This myth as been around for years, and it may have been sound advice at one time. Today auto owners manuals recommend changing the oil every 7,000 to even 10,000 miles in average driving conditions. That means on the highway and not in extreme weather. If you drive on a lot of dusty roads in very hot or very cold weather, more often is a good idea.

Changing the oil is the most important think you can do to properly maintain your car, so it seems reasonable to think it should be done often. Changing your oil as often as you want will never hurt your car, but you can save oil and money by not doing it that often. There are also synthetic oils that last even longer.

Higher octane gas
Another myth based on the idea that more is better is the higher octane gas myth. Most cars run on “regular” gas, which has an octane rating of 87. There are higher octane gases available, such as 89 or 92, and those are made for higher performance engines. It seems logical to think something good for a high performance sports car would also be good for your family sedan. It is also reasonable to think a stronger gas would also be good.

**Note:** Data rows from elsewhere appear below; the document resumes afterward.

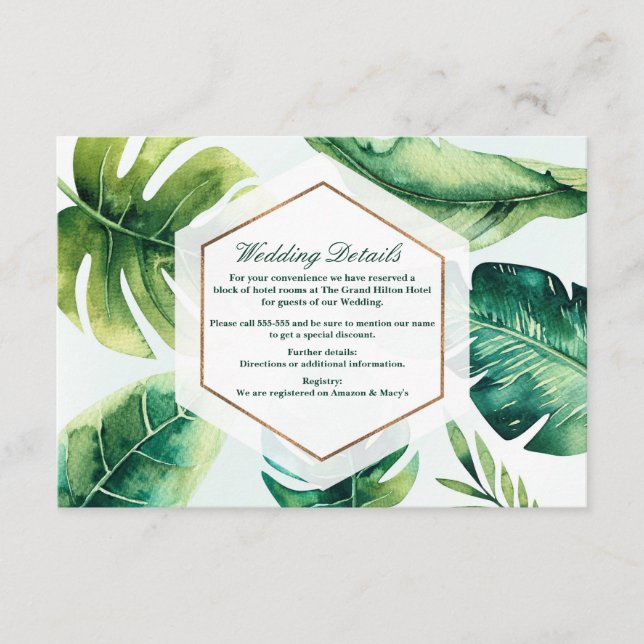 Carte D'accompagnement Feuilles tropicales vertes détails de mariage chic (Devant)
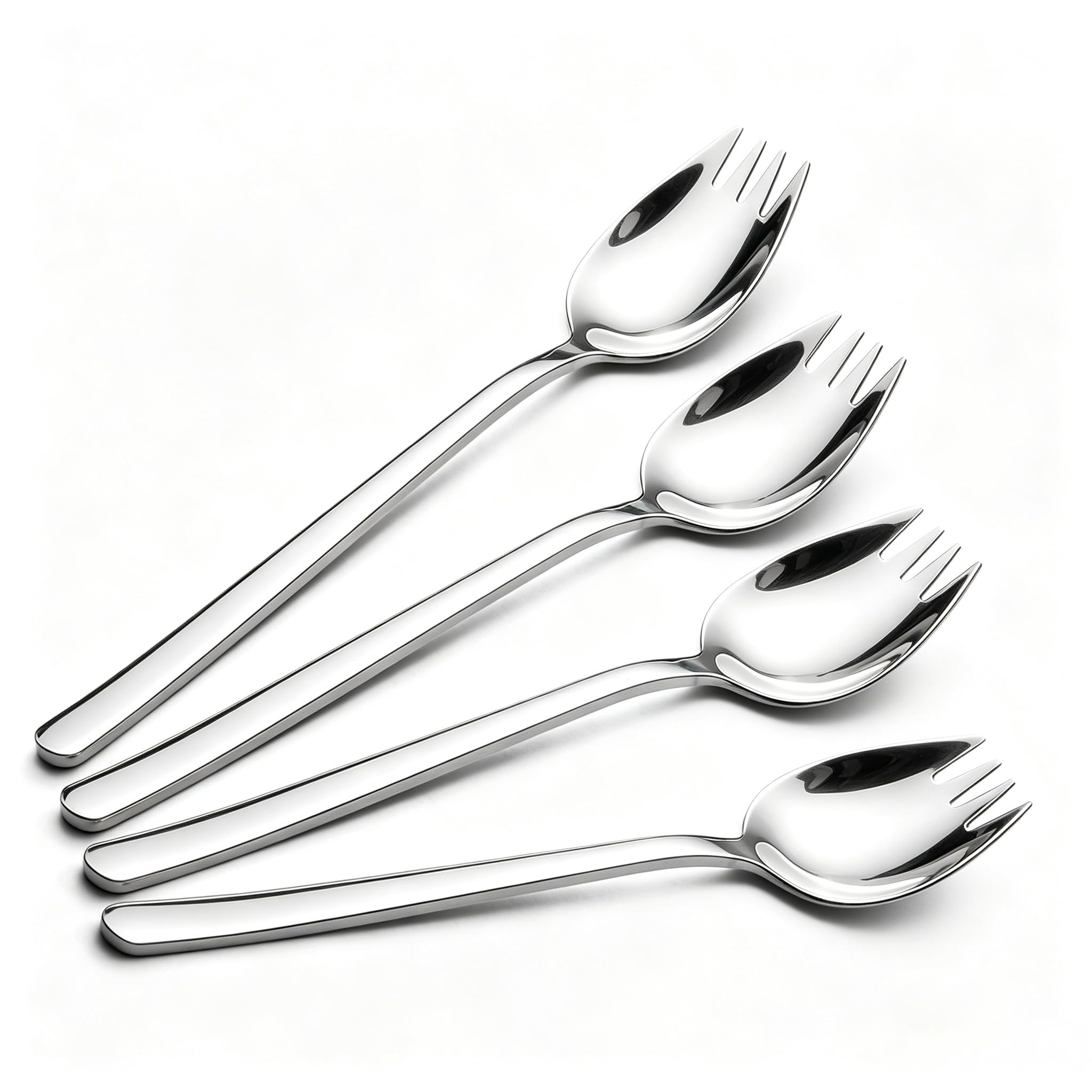 YFWOOD Sporks, 4-pack 18/10 Stainless Steel Sporks Silver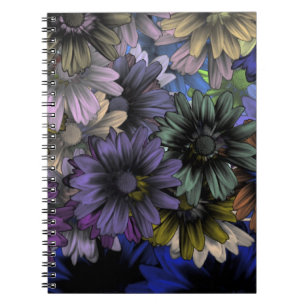 Blaues und oranges Blumenmuster Notizblock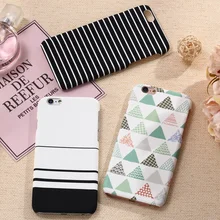 XBXcase Plastic Hard Back Phone Case for iPhone 5 5S SE 7 7+Plus Ultra Slim Simple Geometic Stripe Case for iPhone 6 6S Plus x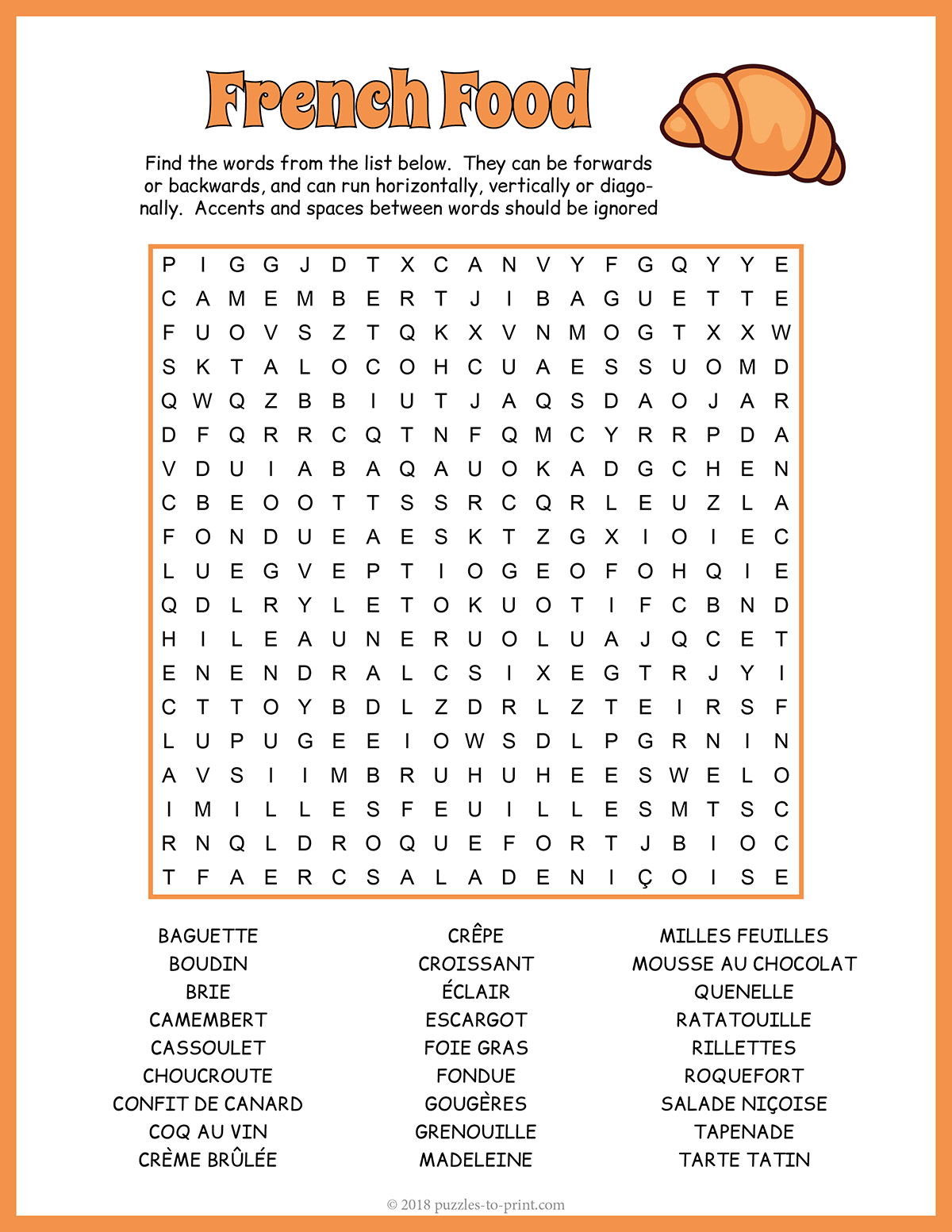 French Food Word Search shtml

high octane gasThe truth is, your engine was made to run on a certain octane – or strength – of gasoline. Most engines run best with an 87 octane. While it might be reasonable to think otherwise, your car will not run better or faster with a higher octane.

Warming up your car
If it is really cold out, you need to let your engine idle to warm the engine up, right? No, not really. While it is true that oil and other lubricants need to be a certain temperature to operate best, driving at normal speed will raise those temperatures just as well as sitting still.

Getting in, starting the engine, and driving at normal speed is the best way to drive your car, according to automotive experts. Of course you may want the inside of your car warm before you drive away, but that is a matter of personal comfort and does not affect your car. When you are idling, the engine is running but it is not moving. Might as well get it moving while its running.

Getting regular tuneups
There was a time when there were a lot of parts on your engine and they were in a precarious balance. Things like spark plugs, timing belts and points all had to be in sync, and you needed tuneups to keep it that way. Today cars have computers and the computer takes care of many of those balances. It can even make adjustments as the weather changes while you are driving down the highway. Some of those parts do not even exist today with fuel injection systems and the on board computer that keeps it all flowing well.

It is a good idea to have a trained auto technician take a look at your car once or twice a year, or if it starts running poorly. They can hook their computer up to your car’s computer and spot any issues with amazing precision and accuracy. Even so the idea of needing a regular schedule to organize all the pieces – or a tune up – is really a myth today with modern automobiles.